The following example made an impression on me when I first saw it years ago. I still think it’s an important example, though I’d draw a different conclusion from it today.
Problem: Let y(t) be the solution to the differential equation y’ = t2 + y2 with y(0) = 1. Calculate y(1).
If we use Euler’s numerical method with a step size h = 0.1, we get y(1) = 7.19. If we reduce the step size to 0.05 we get y(1) = 12.32. If we reduce the step size further to 0.01, we get y(1) = 90.69. That’s strange. Let’s switch over to a more accurate method, Runge-Kutta. With a step size 0.1 the Runge-Kutta method gives 735.00, and if we use a step size of 0.01 we get a result larger than 1015. What’s going on?

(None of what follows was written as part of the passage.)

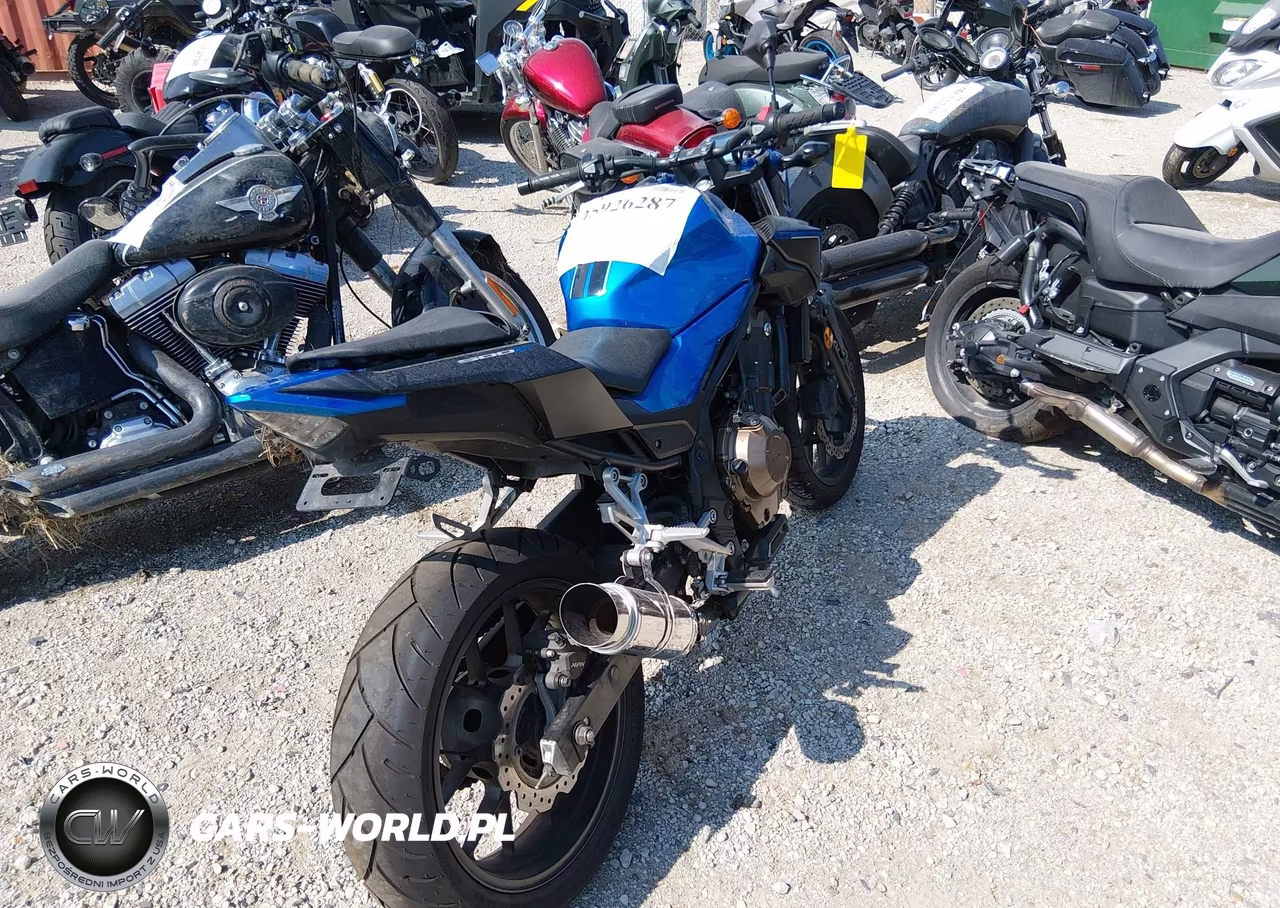 2018 Honda Cb500 F VIN:MLHPC4512J5500449 - 4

The problem presupposes that a solution exists at t = 1 when in fact no solution exists. General theory (Picard’s theorem) tells that a unique solution exists for some interval containing 0, but it does not tell us how far that interval extends. With a little work we can show that a solution exists for t at least as large as π/4. However, the solution becomes unbounded somewhere between π/4 and 1.

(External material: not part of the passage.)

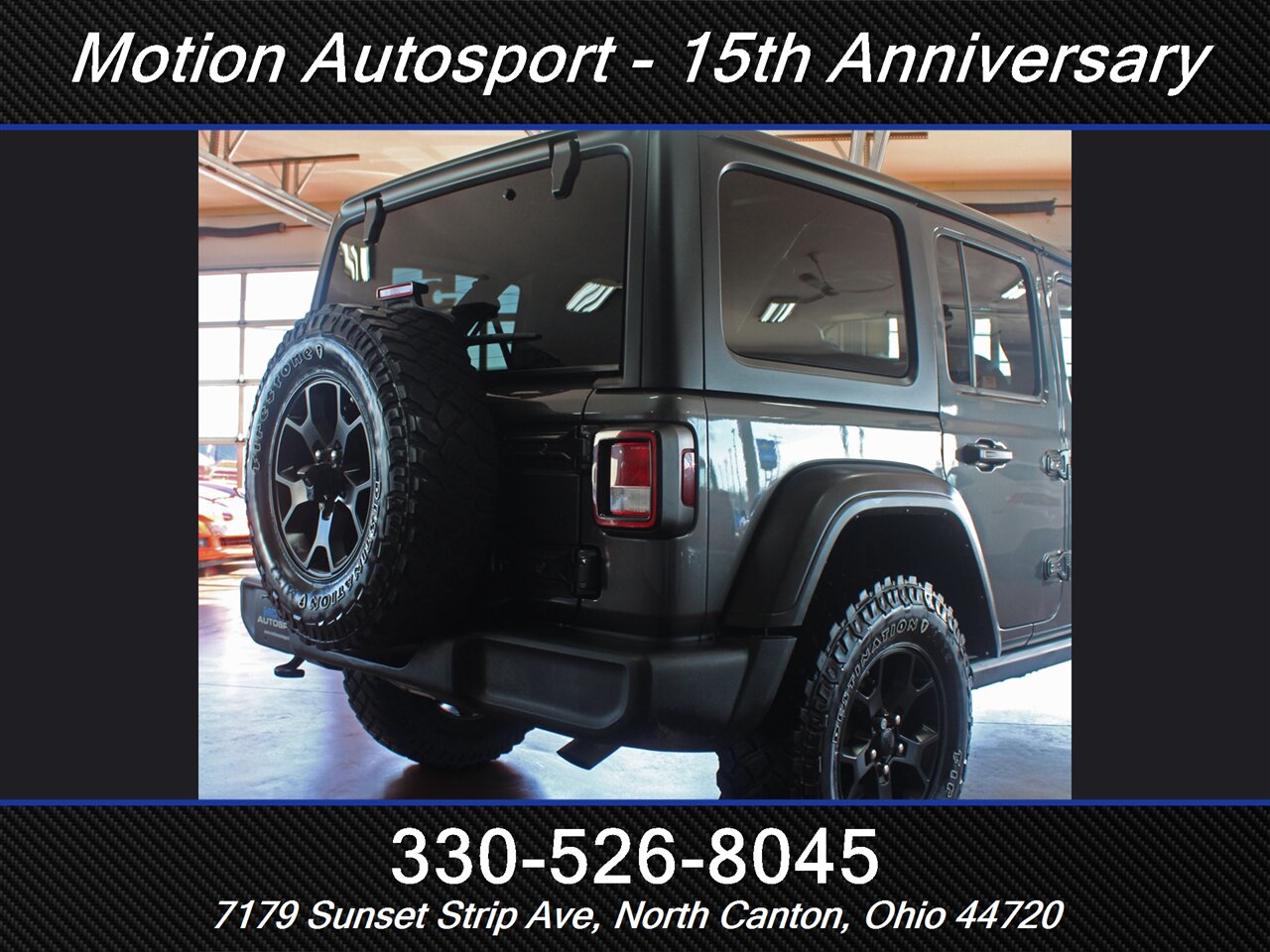 2023 Jeep Wrangler Willys Hard Top 4X4 - Photo 14 - North Canton, OH 44720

When I first saw this example, my conclusion was that it showed how important theory is. If you just go about numerically computing solutions without knowing that a solution exists, you can think you have succeeded when you’re actually computing something that doesn’t exist. Prove existence and uniqueness before computing. Theory comes first.
Now I think the example shows the importance of the interplay between theory and numerical computation. It would be nice to know how big the solution interval is before computing anything, but that’s not always possible. Also, it’s not obvious from looking at the equation that there should be a problem at t = 1. The difficulties we had with numerical computation suggested there might be a theoretical problem.
I first saw this problem in an earlier edition of Boyce and DiPrima. The book goes on to approximate the interval over which the solution does exist using a combination of analytical and numerical methods. It looks like the solution becomes unbounded somewhere near t = 0.97.
I wouldn’t say that theory or computation necessarily come first. I’d say you iterate between them, starting with the approach that is more tractable. Theoretical results are more satisfying when they’re available, but theory often doesn’t tell us as much as we’d like to know. Also, people make mistakes in theoretical computation just as they do in numerical computation. It’s best when theory and numerical work validate each other.
The problem does show the importance of being concerned with existence and uniqueness, but theoretical methods are not the only methods for exploring existence. Good numerical practice, i.e. trying more than one step size or more than one numerical method, is also valuable. In any case, the problem shows that without some diligence — either theoretical or numerical — you could naïvely compute an approximate “solution” where no solution exists.